Support and Opposition Within Europe
The idea of seizing Russian assets has divided opinion within the European Union. Several leaders, including Estonia’s Prime Minister Kaja Kallas and EU Commissioner for Economy Valdis Dombrovskis, have voiced strong support for the measure. Kallas has argued that European taxpayers should not bear the financial burden of the war, stating that “it should come from the country that destroys Ukraine, which is Russia.”
Similarly, U.K. Foreign Minister David Lammy has urged Europe to act decisively, advocating for a shift from freezing to seizing Russian assets. Estonia and Poland have also been vocal supporters of the proposal, with Estonia recently presenting a draft paper outlining legal pathways to confiscate the funds.
However, key players like Germany and France remain cautious. Concerns about the legal and economic ramifications of asset seizure have made these nations hesitant to move forward. Despite this, recent reports suggest that both countries are now open to discussions on the matter, signaling a potential shift in their positions.
Legal and Economic Hurdles
The legal complexities of seizing frozen assets present a significant challenge. Under international law, any countermeasures against Russia must be “temporary” and “reversible.” Armin Steinbach, a professor of EU law and economics at HEC Paris, explained that while morally compelling, the seizure of state assets is legally difficult. He suggested an alternative solution in which Ukraine transfers its damage claims against Russia to the G7, which could then enforce these claims by confiscating Russian assets.

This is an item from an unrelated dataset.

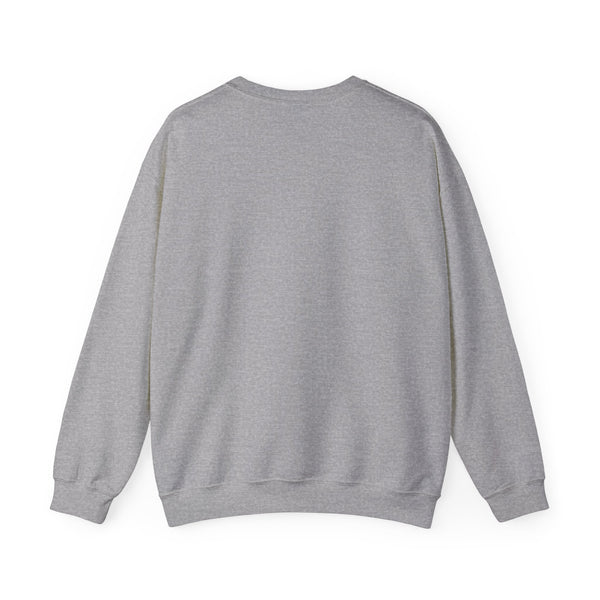 Nika Crewneck Sweatshirt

Critics of asset seizure have also warned of potential economic repercussions, particularly for the eurozone. However, proponents argue that the initial freezing of Russian assets did not destabilize European financial markets, and a formal seizure is unlikely to have further adverse effects. Nigel Gould-Davies, a senior fellow at the International Institute for Strategic Studies (IISS), emphasized that extensive legal studies have identified a “safe legal path” to seizing assets and dismissed fears of economic fallout as overblown.
What’s Next?
As Europe continues to deliberate on the issue, the outcome will depend on whether the EU can achieve consensus among its 27 member states. One option is for the EU to unanimously agree to mandate Belgium, where the majority of the assets are held, to confiscate them. Alternatively, Belgium could act independently if EU sanctions on Russia expire without renewal. However, Belgium has expressed concerns about the potential risks of such unilateral action.
With the war showing no signs of resolution and negotiations between the U.S. and Russia raising the possibility of frozen assets being returned to Moscow, time is of the essence for Europe. Ukrainian officials and their European allies argue that seizing these assets is not only a matter of justice but also a practical necessity to sustain Ukraine’s defense and rebuild the country.
The Stakes Are High
The decision to seize Russian assets would mark an unprecedented move in international law and diplomacy. It could provide Ukraine with much-needed financial support while sending a powerful message to aggressor states. However, it also carries significant risks, including potential retaliation from Russia and legal challenges that could set complex precedents for future conflicts.
As European leaders weigh their options, one thing is clear: the costs of inaction are rising, and the need for bold decisions has never been more urgent.